Pour David Biegeleisen, qui dirige au sein de l’ambassade de Suisse à Tel-Aviv le département des innovations, le secteur de la Fintech est passionnant. « En coopération avec le Peres Center for Peace and Innovation, nous avons organisé l’année dernière un grand webinaire intitulé ‘Green Digital Finance – Passerelles entre Israël et la Suisse’. La Suisse a un savoir-faire très étendu dans les domaines de la gestion des actifs et de la finance durable tandis qu’Israël dispose d’un des secteurs high-tech les plus dynamiques au monde et d’un grand nombre de start up et de VCs (venture capital ou capital-risque). Les start up Green Fintech suisses peuvent bénéficier de l’expérience israélienne dans le secteur du capital-risque et la Suisse peut partager ses connaissances sur le financement vert numérique ».
Il s’agit là d’un sujet particulièrement brûlant car, dans le secteur de la finance, la nouvelle génération est en train de s’imposer, et elle souhaite placer ses fonds de manière durable en faisant appel au numérique.
Un secteur dans lequel les start up israéliennes sont également très actives en Suisse est celui des cybermonnaies. De nombreuses organisations et entreprises israéliennes ont obtenu des investissements par le biais d’ICOs (Initial Coin Offering), une autre forme de cryptomonnaie exploitée par les entreprises pour se procurer des capitaux. Via des plateformes ICO, les investisseurs reçoivent des jetons en échange de leur investissement dans l’entreprise. Dans ce secteur, la Suisse est particulièrement performante et, contrairement à Israël et aux Etats-Unis, elle a rapidement créé un groupe de travail qui a conduit à l’édiction de lois pour ce domaine. Alors qu’en Israël il a été longtemps difficile de convertir les cryptomonnaies en liquide, les banques suisses ont rendu cette opération simple à réaliser, sous réserve que le détenteur de la cryptomonnaie puisse prouver qu’il ne s’agit pas de blanchiment d’argent.

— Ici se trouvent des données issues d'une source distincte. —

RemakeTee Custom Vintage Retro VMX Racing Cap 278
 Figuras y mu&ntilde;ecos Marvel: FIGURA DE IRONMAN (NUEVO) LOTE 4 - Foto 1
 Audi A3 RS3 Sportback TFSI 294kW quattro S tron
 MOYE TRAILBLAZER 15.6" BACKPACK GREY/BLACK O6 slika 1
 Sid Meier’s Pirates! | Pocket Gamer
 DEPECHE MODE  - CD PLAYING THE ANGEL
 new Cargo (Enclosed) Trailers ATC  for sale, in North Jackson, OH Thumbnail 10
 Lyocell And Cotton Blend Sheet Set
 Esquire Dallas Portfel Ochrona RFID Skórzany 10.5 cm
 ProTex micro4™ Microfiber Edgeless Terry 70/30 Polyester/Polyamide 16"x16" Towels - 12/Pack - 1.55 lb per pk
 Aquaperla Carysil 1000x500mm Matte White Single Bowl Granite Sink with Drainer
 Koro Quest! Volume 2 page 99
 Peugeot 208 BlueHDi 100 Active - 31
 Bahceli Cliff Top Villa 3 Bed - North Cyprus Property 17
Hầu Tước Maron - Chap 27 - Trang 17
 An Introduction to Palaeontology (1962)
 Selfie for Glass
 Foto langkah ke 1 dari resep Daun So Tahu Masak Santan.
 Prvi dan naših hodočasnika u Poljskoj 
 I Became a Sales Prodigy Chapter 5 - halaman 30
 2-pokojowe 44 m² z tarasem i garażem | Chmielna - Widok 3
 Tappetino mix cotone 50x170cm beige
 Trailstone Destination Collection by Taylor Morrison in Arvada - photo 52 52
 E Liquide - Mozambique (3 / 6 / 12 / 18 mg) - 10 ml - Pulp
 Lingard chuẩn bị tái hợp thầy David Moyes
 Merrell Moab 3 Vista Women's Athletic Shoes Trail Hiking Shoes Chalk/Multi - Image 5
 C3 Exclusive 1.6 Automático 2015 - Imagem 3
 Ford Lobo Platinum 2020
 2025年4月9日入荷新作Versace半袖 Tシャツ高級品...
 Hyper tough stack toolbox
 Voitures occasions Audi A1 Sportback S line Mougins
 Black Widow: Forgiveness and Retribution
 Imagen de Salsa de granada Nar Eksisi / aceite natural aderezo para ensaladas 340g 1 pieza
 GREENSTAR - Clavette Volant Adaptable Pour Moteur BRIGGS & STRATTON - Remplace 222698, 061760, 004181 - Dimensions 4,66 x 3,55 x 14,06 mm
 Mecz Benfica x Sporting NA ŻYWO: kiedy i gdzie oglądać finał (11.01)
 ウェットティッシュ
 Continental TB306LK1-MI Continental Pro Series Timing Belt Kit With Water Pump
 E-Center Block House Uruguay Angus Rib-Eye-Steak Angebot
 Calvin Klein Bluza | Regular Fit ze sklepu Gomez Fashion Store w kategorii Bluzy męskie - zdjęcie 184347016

Toutefois, en dépit des chances très importantes de coopération entre Israël et la Suisse dans le domaine de la Fintech, David Biegeleisen se concentre également sur d’autres secteurs : « Nous travaillons actuellement surtout sur des coopérations dans les secteurs de la santé et du Foodtech où les projets entre la Suisse et Israël sont extrêmement nombreux. Concernant la Fintech, nous avons constaté que le secteur bancaire reste encore très « frileux », les innovations ont besoin de beaucoup de temps, mais le sujet sera pour sûr traité dans les deux prochaines années ».